Should we let AI decide?
Image credit: Getty Images
Getting the artificial intelligence process right the first time around enables it to be the best it can be.
Women were finding it tough to get jobs at Amazon. Not, it turned out, due to conscious discrimination in the HR department, but instead because of bias inherent in the AI-driven selection algorithm.
The problem is that not all artificial intelligence (AI) systems are equally good. Ideally, they start off good and become better, but equally they can start off bad and become worse. What makes the algorithm good is if it learns ‘fairly’, removing any human bias from its operation. If it doesn’t recognise this bias and have the ability to counter it, any new data reinforces that bias and the effect is amplified. Indeed removing human bias from systems and allowing an AI program to be not just artificially intelligent, but actually intelligent of its own accord, is the next step for AI.
Bias can be introduced unintentionally when the AI makes an inference from a data set without any context.

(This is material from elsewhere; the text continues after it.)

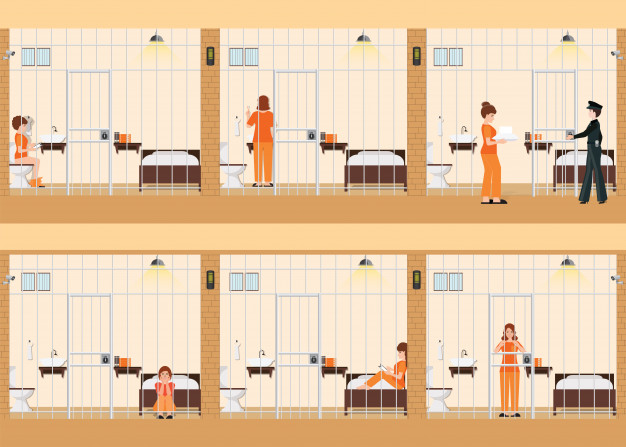 626x447 Rows Of Prison Cells With Life Of Women In Jail Vector Premium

This sort of scenario occurs because the vast majority of AI’s applications today use deep learning to find patterns in data.
The unintentional result is that bias is introduced based on past experience. And although deep-learning models are tested for performance before they are deployed, they are not tested for downstream effects such as unintentional bias.
Numerous high-profile cases exist, including the aforementioned one at Amazon. The algorithm discriminated against women simply because it looked at historical recruitment patterns, where more men than women had been employed. That trend was continued so that the AI inferred that men were a better fit for the job, favouring male candidates.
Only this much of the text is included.